Eliot Spitzer was caught going to a prostitute. That showed Spitzer to be a cad (and given how much he paid, perhaps a mark as well!). And it was illegal. But unlike the accusations against Paterson, Spitzer's scandal did not involve the abuse of official power. In this regard, Spitzer is also worth contrasting with Bill Clinton, whose affair with Monica Lewinsky was both inherently exploitative of his status relative to her and involved White House staff (remember Betty Currie) in the cover-up. Yet Clinton, like Paterson, got to serve out his term. So, was Spitzer's decision to resign a mistake? Having engaged in behavior not as bad as Clinton or Paterson (if the allegations prove true), and no worse than SC Governor Mark Sanford's hiking of the Appalachian Trail, shouldn't Spitzer still be in office?
Is Bob Livingston the better precedent for Spitzer? Recall that Livingston stepped down from his position as Speaker of the House (but retained his House seat) before his term even began because of the revelation that he had an affair. Unlike Paterson (who, bizarrely enough, came into office admitting that both he and his wife had previously had affairs) and Clinton (whose philandering was an open secret) both Livingston and Spitzer faced hypocrisy charges.
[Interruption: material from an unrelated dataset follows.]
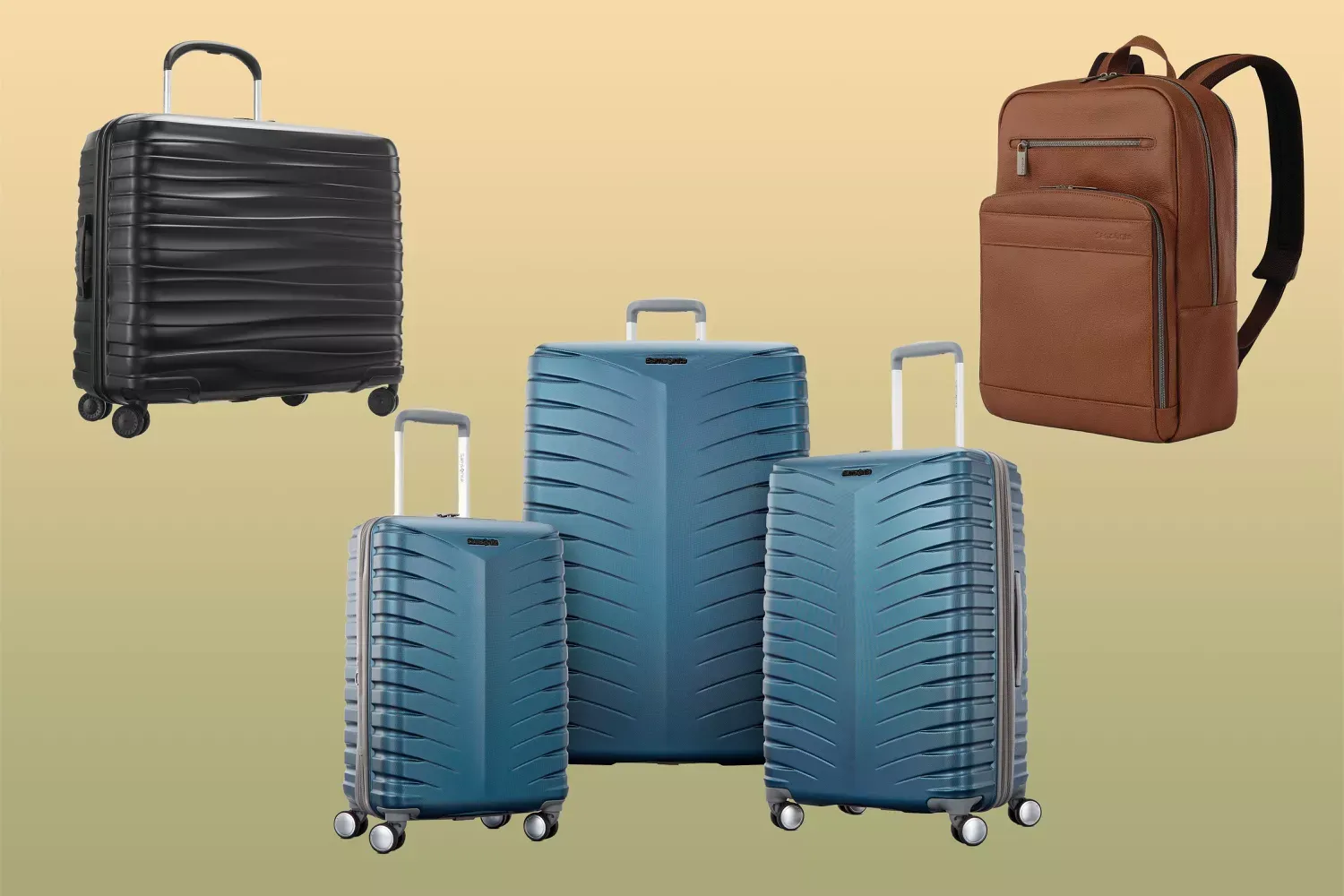 Samsonite Is Hosting an Early Cyber Monday Sale — Shop 12 Traveler-loved Suitcases Up to 64% Off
Having been a vocal critic of Clinton's extra-marital affair, Livingston had little credibility when his own was revealed. Turning them around, Livingston gave up the Speakership and challenged Clinton to give up the Presidency. Similarly Spitzer--who had used the resources of law enforcement and the bully pulpit to attack prostitution--was revealed as a hypocrite.
But apparently hypocrisy alone isn't enough to warrant immediate resignation. If it were, then various social conservatives who have preached family values would have resigned their offices upon the news of their respective sex scandals. Yet Sanford, David Vitter, Larry Craig, and John Ensign all held onto their offices after their scandals broke. Only Mark Foley had the decency to resign pronto, and he was the least socially conservative of the lot. So hypocrisy alone cannot explain who resigns and who stays on.
All of which leads me to consider one or more of the following:
1) The threats of impeachment against Spitzer were more serious than the threats of impeachment or other means of removal for others. This fact, if it is a fact, only raises the question of why that would be, to which part of the answer might be that Spitzer's scandal broke early in his term and governors are more visible than legislators.
2) There's more to the Spitzer story than meets the eye. I would have gone with this one a while back, but Spitzer has clearly raised his profile lately, which is not something he likely would have done if he were worried about more details coming out (unless he's a reckless fool, a possibility one can never overlook given the behavior of say, Gary Hart, Bill Clinton, John Edwards, etc. etc.).
3) Spitzer simply blew it. He should have weathered the storm and had he done so, he might now even have a shot at re-election. After all, Marv Albert's network banishment only lasted two years, and Client 9 never bit anybody.